È vero che per allenarsi doveva aspettare che i calciatori del Verona avessero finito? «Sì, loro si allenavano a porte chiuse e non volevano nessuno. Soltanto Ferruccio Valcareggi (ex tecnico di Verona e Nazionale, ndr) ci permise di allenarci contemporaneamente: non davo molto fastidio».
Sarà che ha sposato il suo allenatore Erminio Azzaro ma lei non ha dovuto scegliere, è stata tutto: atleta, moglie e mamma. «Ho fatto sport finché ne ho avuto voglia. Mi sembrava di fare la cosa più importante del mondo, ma ho fatto scelte difficili: non mi piace chiamarli sacrifici, ero io che volevo farli, però non avevo garanzie se non fossero arrivati i risultati».
Sono arrivati i risultati, e con quelli l’immortalità. «Certo, ci ho anche creduto a questa cosa dell’immortalità. Gli dei, la gloria. La prima volta in Grecia sono andata sul Partenone, e anche a Olimpia, ero emozionata. Poi cominciano ad arrivare gli acciacchi e capisci che sei umano come gli altri, con gli stessi identici problemi. Quando scendi dal podio cammini sulla Terra come tutti».

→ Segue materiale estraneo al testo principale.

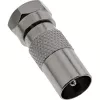 InLine Coaxial Adapter F kištukas SAT į IEC kištuką Antena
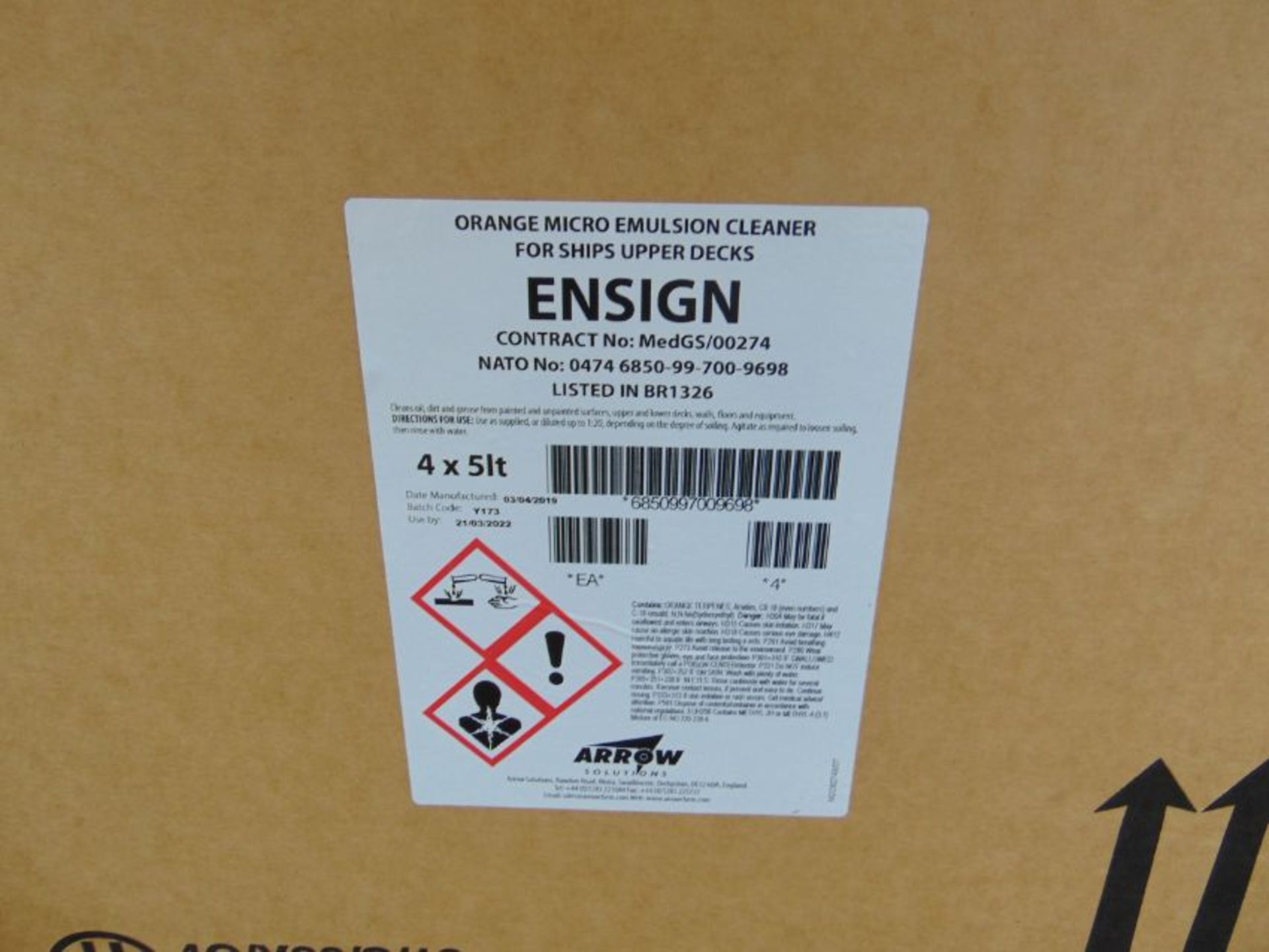 40x 5 Litre Drums of Ensign - Image 3 of 4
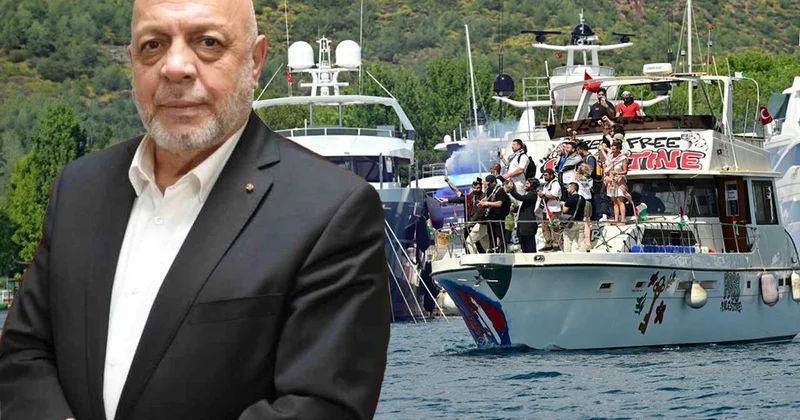 Küresel Sumud Filosu Gazze ye gitmek üzere Marmaris ten demir aldı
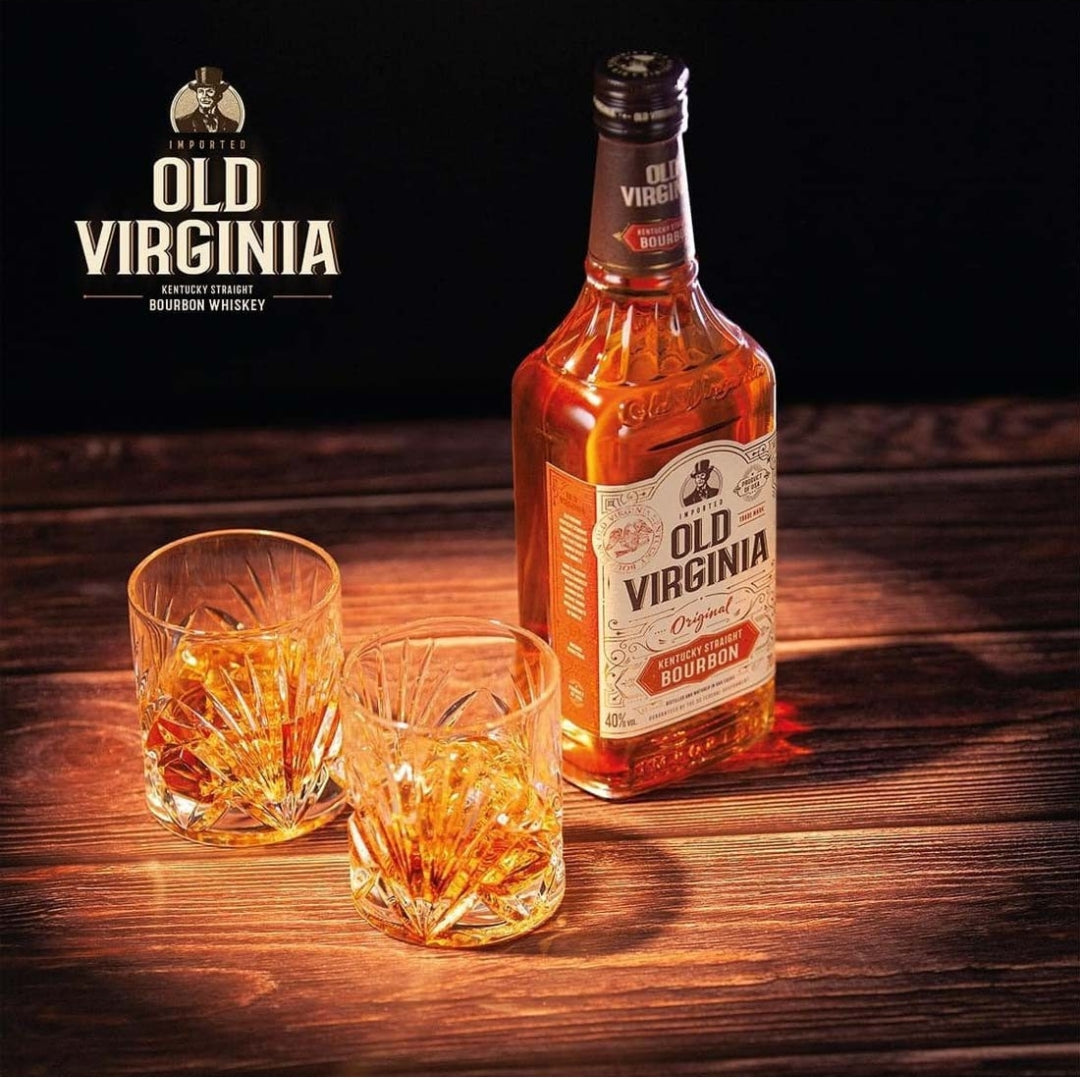 Whisky Old Virgnia Oak Cask Bourbon 700ml Teor 40% + Evan Wiliams Bottled-In-Bond Bourbon 750ml Teor 50%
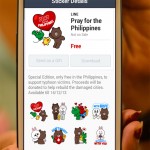 Pray for the Philippines Line sticker in Philippines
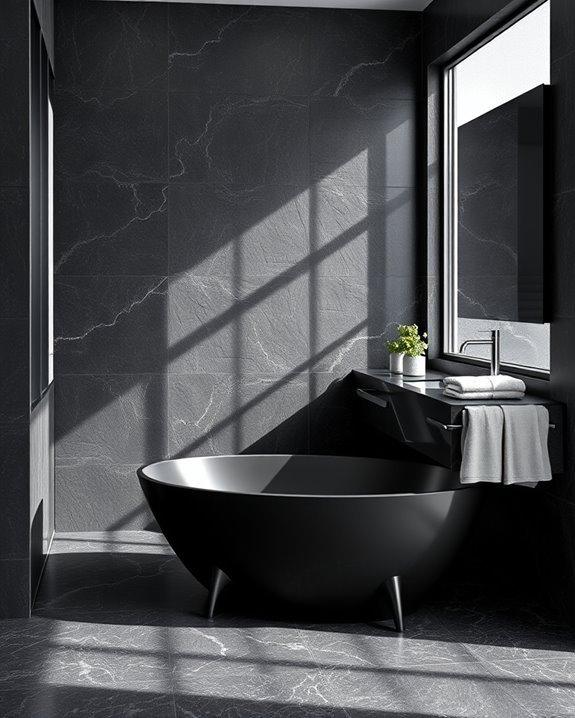 textured granite adds depth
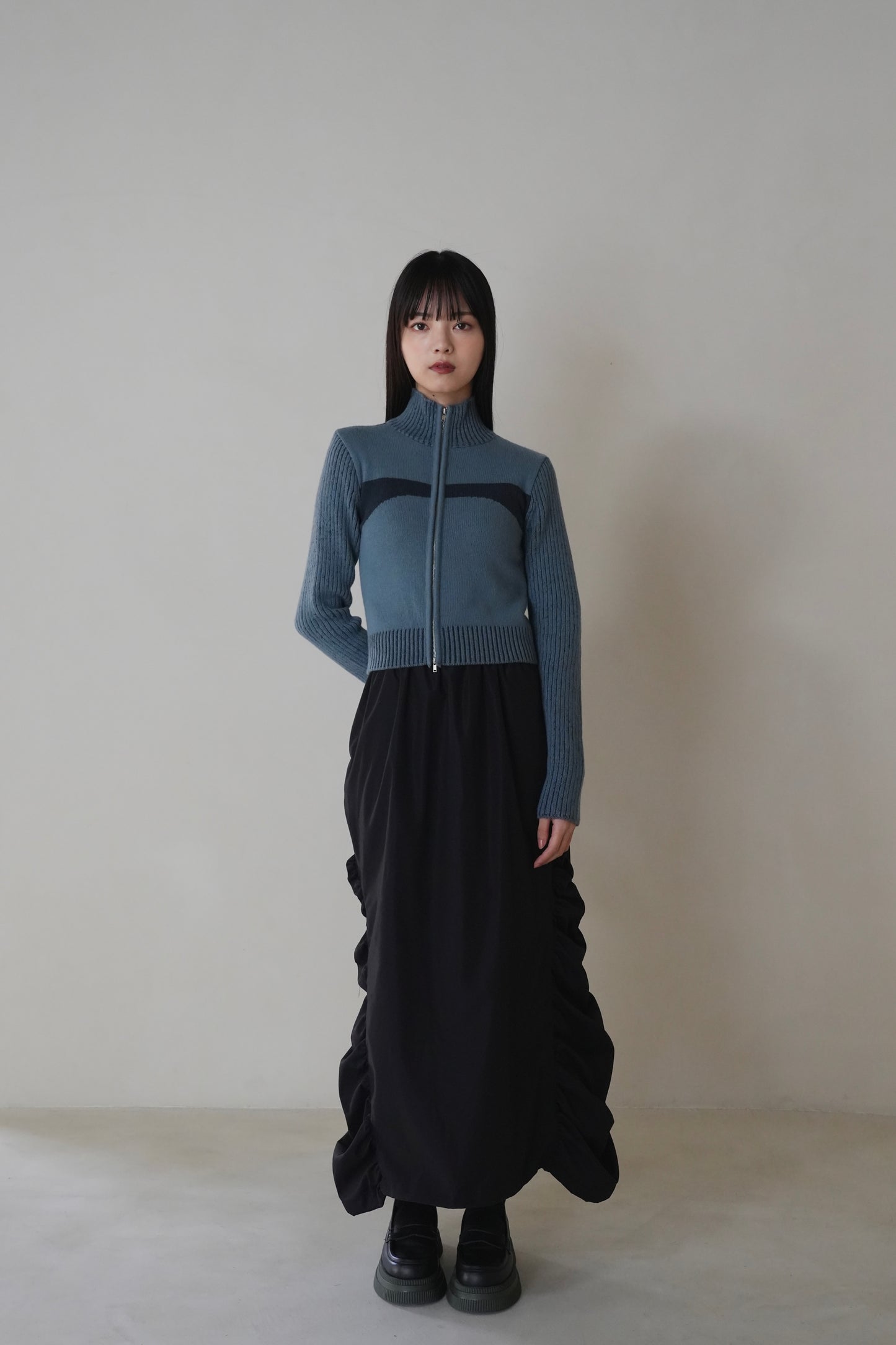 side frill skirt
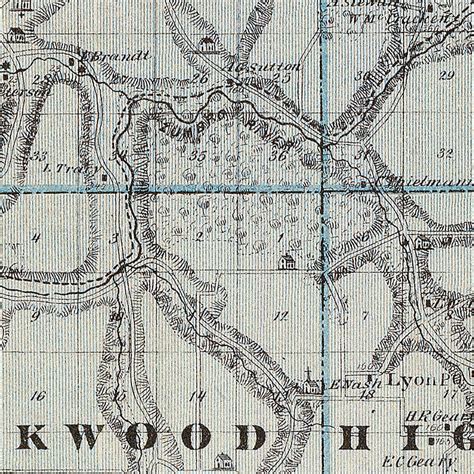 Vintage Map Of Wabasha County Minnesota 1874 By Ted S Vintage Art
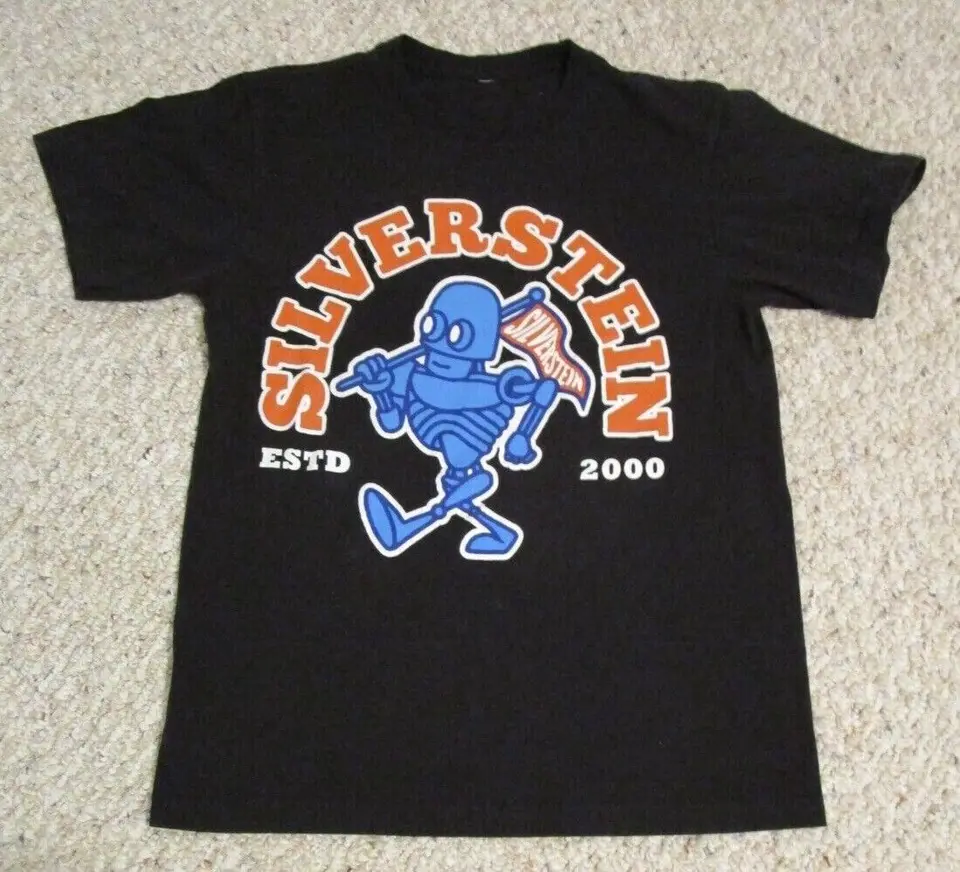 Silverstein Estd 2000 Robot T-Shirt Cotton Unisex Tee S-5XL MO484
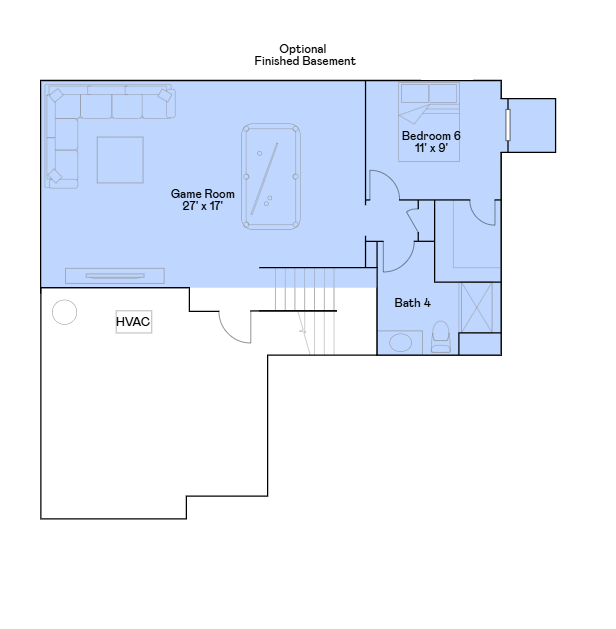 Lewis lower level floorplan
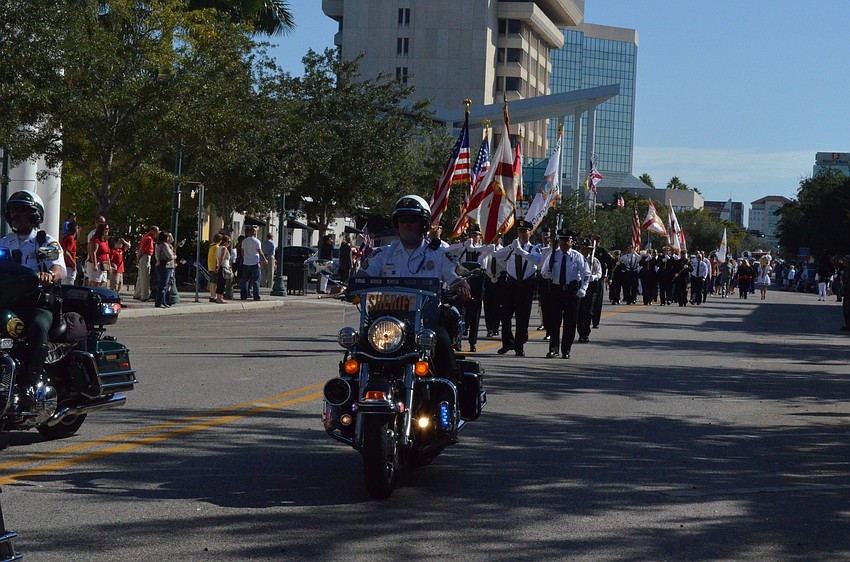 Law enforcement led the parade.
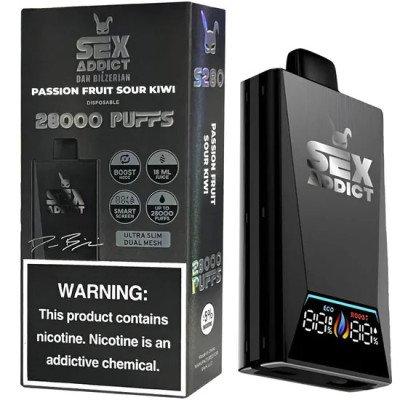 VAPER DESCARTAVEL SEX ADDICT PASSION FRUIT SOUR KIWI 28000 PUFFS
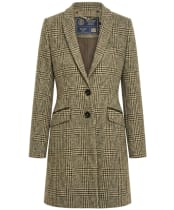 Women's Holland Cooper Highgrove Tweed Coat - Prince of Wales Brown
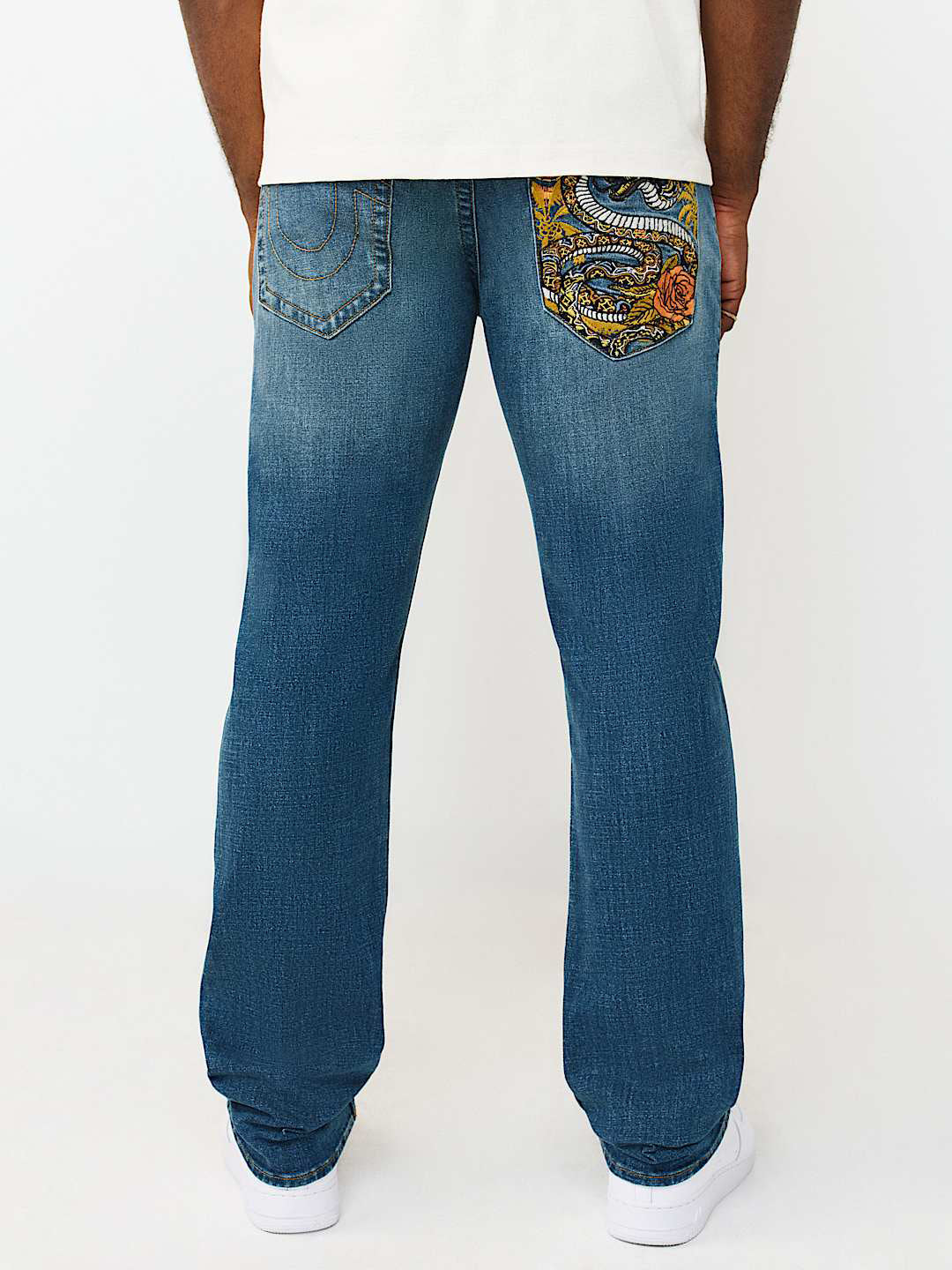 True Religion Blue Stretchable Ricky SN Solid Men Jeans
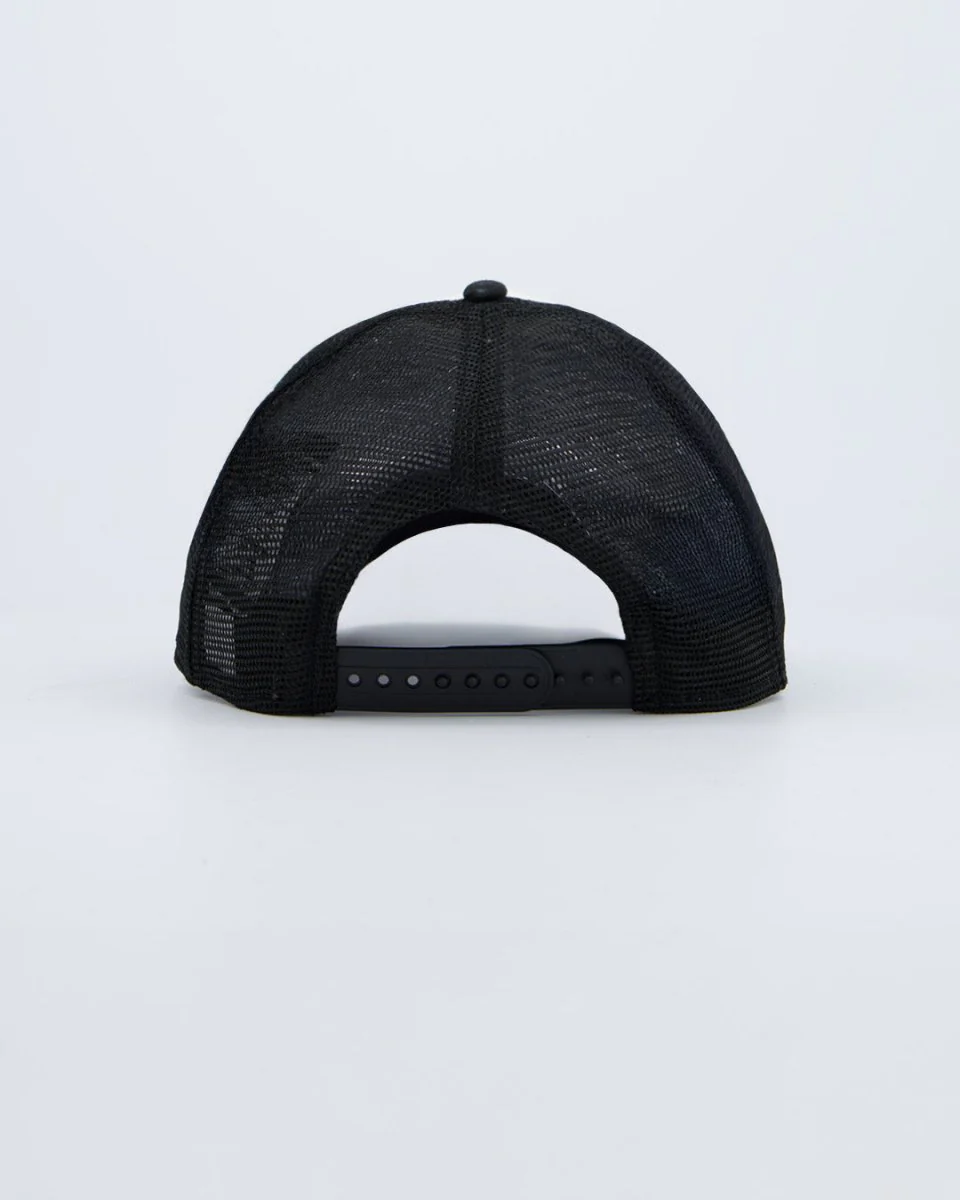 Gorra New Era Patch Distressed Negro Y Blanco Unisex - Image 3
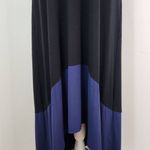 Lilla P Blue and Black Maxi Dress Size XS Black Minimalist Dress Photo 3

Non è ancora nonna? «No. Ma quando capiterà ne saremo felici. I nonni sono importanti. I primi azzurri che hanno vinto medaglie a Tokyo le hanno dedicate ai nonni: mi ha colpito, è stato un bel segnale dopo un anno e mezzo in cui per paura che si contagiassero i nonni sono stati lasciati ancora più soli».